McNee A E, Will E, Lin J-P, Eve L C, Gough M, Morrissey M C, Shortland A P
One Small Step Gait Laboratory and Newcomen Centre, Guy's Hospital, London SE1 9RT, UK.
Gait Posture. 2007 Mar;25(3):463-8. doi: 10.1016/j.gaitpost.2006.08.002. Epub 2006 Sep 27.
Serial casting aims to improve an equinus gait pattern in children with spastic cerebral palsy (SCP). We evaluated the effect of short-term stretch casting on gait in children with SCP, compared to the natural history. A crossover trial, consisting of a control phase and a casting phase, was conducted with children randomised into two groups. Both groups were assessed clinically, and using 3D gait analysis, at 0, 5 and 12 weeks. Subjects in one group had the 3 month casting phase first and in the other had the 3 month control period first.
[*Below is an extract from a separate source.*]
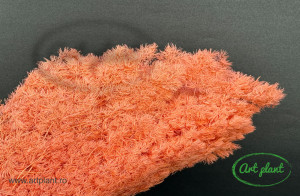 Feriga criogenata ming somon
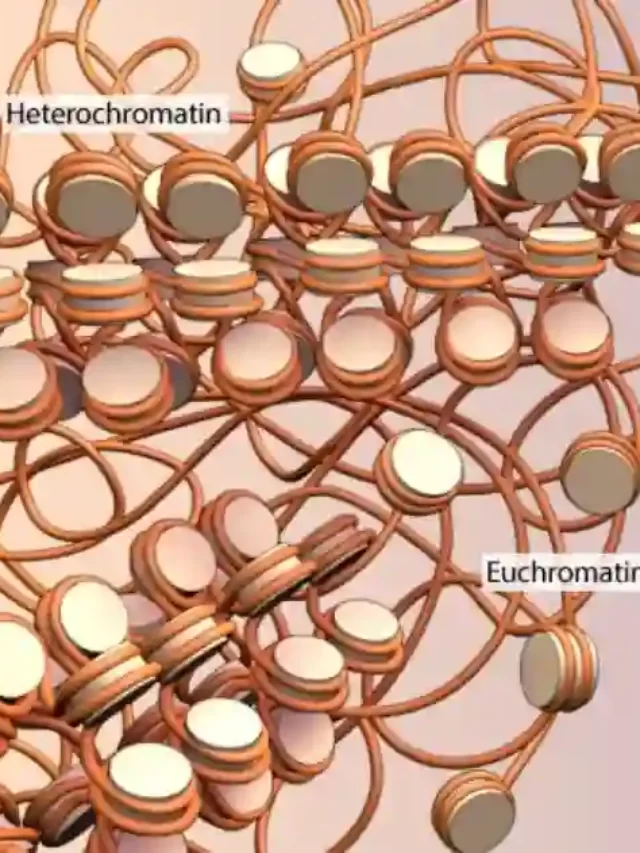 heterochromatin vs euchromatin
Casts were changed weekly and set at maximum available ankle dorsiflexion. The mean changes at 5 weeks and 12 weeks from baseline measurements in the casting phase were compared with the change within the same time interval in the control phase. Significant improvements in passive ankle dorsiflexion (knee flexed) were found at 5 and 12 weeks. Passive ankle dorsiflexion (knee extended), ankle dorsiflexion in single support, ankle dorsiflexion in swing and minimum hip flexion in stance improved significantly at 5 weeks but not at 12 weeks from baseline. Other kinematic parameters, the score on the Gillette Functional Assessment Questionnaire, and maximum reported walking distance were not changed by casting. Casting to improve range appears to improve passive and dynamic ankle dorsiflexion, but the changes are small, short lived and do not appear to affect function.
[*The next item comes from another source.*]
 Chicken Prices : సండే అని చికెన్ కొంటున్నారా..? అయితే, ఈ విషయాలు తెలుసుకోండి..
连续石膏固定旨在改善痉挛性脑瘫(SCP)患儿的马蹄足步态模式。我们将短期伸展石膏固定对SCP患儿步态的影响与自然病程进行了比较评估。对患儿进行了一项交叉试验,包括一个对照阶段和一个石膏固定阶段,患儿被随机分为两组。两组在第0、5和12周均进行了临床评估,并使用三维步态分析。一组患儿先进行3个月的石膏固定阶段,另一组先进行3个月的对照期。每周更换石膏,并将其设定在最大可用的踝关节背屈角度。将石膏固定阶段第5周和第12周相对于基线测量的平均变化与对照阶段相同时间间隔内的变化进行比较。在第5周和第12周时,被动踝关节背屈(膝关节屈曲)有显著改善。被动踝关节背屈(膝关节伸展)、单支撑期踝关节背屈、摆动期踝关节背屈和站立期最小髋关节屈曲在第5周相对于基线有显著改善,但在第12周时没有。其他运动学参数、吉列特功能评估问卷评分以及最大报告步行距离并未因石膏固定而改变。通过石膏固定来改善活动范围似乎能改善被动和动态踝关节背屈,但变化较小、持续时间短,且似乎不影响功能。